Pour finir ce billet je peux mentionner la conclusion bien triste suivante que je tire de la pandémie : j'avais une sorte de croyance, ou à défaut de croyance, du moins d'espoir, que quand l'Humanité est mise face à une menace commune, celle-ci peut aider à nous unir et à nous rapprocher[#13]. Je constate à la fois de la pandémie et du changement climatique, que l'effet est plutôt le contraire : l'adversité tend plutôt à nous faire nous accuser les uns les autres, même quand nos intérêts sont assez bien alignés et que personne n'est vraiment responsable de quoi que ce soit.
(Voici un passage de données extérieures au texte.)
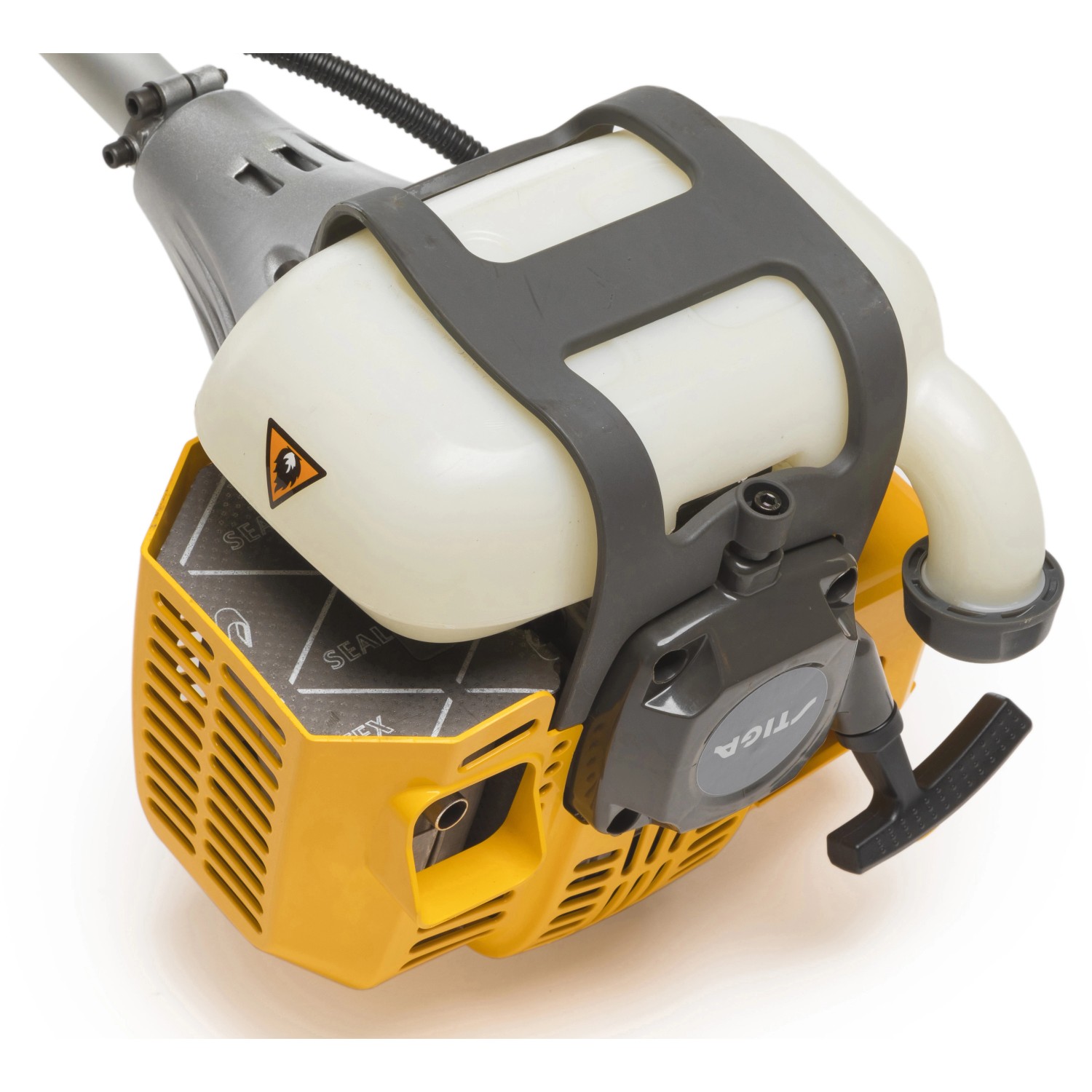 Detailaufnahme der Stiga Benzin-Motorsense BC 535 B, gelb/grau, Fokus auf Motor und Tank.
C'est assez déprimant.
[#13] Il y a d'ailleurs une nouvelle d'Asimov, In a Good Cause—, sur ce sujet, qui est sans doute responsable de ma croyance (car c'est peu dire qu'Asimov a influencé ma pensée).
Or il y aura d'autres pandémies : la densification de la population ne les rend certainement pas plus rares, et pour ma part je crains la grippe plus que je ne crains les coronavirus. (Le covid a sans doute fait environ 20 millions de morts dans le monde, sur 8 milliards de personnes, c'est-à-dire qu'il a tué, à la louche, un quart de pour cent de l'Humanité, dont il a dû infecter une proportion significative, voire la quasi-totalité : cela invite à se demander ce qui se serait passé si on avait eu affaire à une maladie dont la létalité se mesurerait en quelques pour cent, par exemple si la quelque chose d'analogue à la grippe de 1918 se répétait, voire quelques dizaines de pour cent[#14].) De même que chez un individu la gravité d'une maladie peut résulter d'une réaction inadaptée de son système immunitaire, collectivement la gravité d'une pandémie doit beaucoup à notre incapacité à y faire face intelligemment. Un aphorisme trop célèbre de George Santayana (tiens, cette citation-là n'est pas apocryphe ?) nous encourage à écrire l'histoire de la pandémie qui vient de se produire afin d'éviter de retomber dans les mêmes errements à la prochaine. Mais je ne suis pas sûr que nous ayons appris quoi que ce soit.
[#14] Les exemples ne manquent pas d'infections qui ont des taux de létalité de cet ordre et qui pourraient devenir pandémiques. Nuançons quand même : les taux de létalité mesurés initialement sont toujours très très au-dessus de la réalité, et la covid l'a d'ailleurs prouvé : soit parce que l'échantillon sur lequel on mesure le taux de létalité souffre d'un énorme biais de sélection (on ne sait pas quel est le vrai nombre d'infectés) soit parce que la sélection des pathogènes qui les fait évoluer vers une meilleure reproduction (adaptation à leur hôte) tend aussi à les rendre moins létaux (ce qui n'est pas une bonne nouvelle pour autant puisque, justement, ils se reproduisent mieux).